First, there are government-operated incubators. Incubators established with government investment typically possess robust technical hardware platforms and are better positioned to implement national and governmental preferential policies. As a result, this type of incubator enjoys higher visibility and serves as a prominent model, achieving high incubation success rates. However, it also suffers from the drawback of insufficiently tight links to industrialization.
Next are the operation-oriented incubators run by research institutions and universities. Incubators operated by universities or research institutes generally possess strong scientific research resources and innovation capabilities, enabling a certain degree of commercialization of laboratory-based technological achievements. Meanwhile, university-affiliated incubators are more supportive of faculty members and students with entrepreneurial aspirations, allowing them to fully leverage alumni networks and institutional resources. However, their drawbacks are also evident: as universities tend to prioritize technical innovation, these incubators often lack experience in industrial-scale and corporate-style operations.
Next are corporate-operated incubators. Such incubators typically provide more targeted and open technical support to resident enterprises, while boasting high-caliber management teams and strong professional advisors. They not only offer technical support for the conversion of major key achievements by startups but also allocate certain high-quality social resources, enabling these startups to operate along the development model of large medical device companies, thereby forming advantages in commercial value and a high degree of marketization. However, the pain point lies in the potential limitations on preferential policies and development funding.
Furthermore, there are medical center-operated incubators. Unlike the aforementioned models, the greatest advantage of medical center-operated incubators lies in their abundance of clinical application scenarios, which is crucial for startups. However, their drawbacks are similar to those of university-operated incubators; although one focuses on clinical innovation and the other excels in technological innovation, both suffer from a lack of experience in industrialization and corporate operations.
Finally, there are independently operated incubators. This type of incubator may not possess the strong “background” advantages described earlier; however, their founders are often experts from scientific research or healthcare industries who have transitioned into entrepreneurship.
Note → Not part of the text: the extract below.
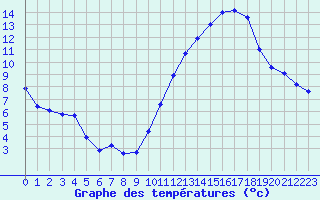 Courbe de tempratures pour Herbault (41)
These professionals typically demonstrate superior operational capabilities and possess more abundant resources, resulting in a considerably high success rate for incubation. Yet, these strengths can also be weaknesses. Due to the lack of robust institutional backing, independently operated incubators are highly unstable and undergo rapid turnover.
"Although 'giants' stand before you, the path beneath your feet must still be walked by yourself."
Currently, with the rapid development of the entire healthcare industry, medical incubators in China are also advancing and growing rapidly. However, as they progress further, the challenges encountered tend to become more numerous and intractable.
This is because, for startups in the healthcare sector, we have moved beyond the phase of pursuing “quantity” and are increasingly focusing on “quality”—that is, identifying “emerging forces” that possess truly original innovative technologies, meet clinical needs, are backed by specialized founding teams, and have established robust commercialization strategies.
This is by no means an easy task. Although there are many “pioneers” on the global stage that have achieved tremendous success in their respective fields, this does not mean we can simply “copy” their models. After all, policies, markets, and industry stages differ. Therefore, even when “standing on the shoulders of giants,” we must “act according to our capabilities” and identify the optimal incubation path suited to our own development.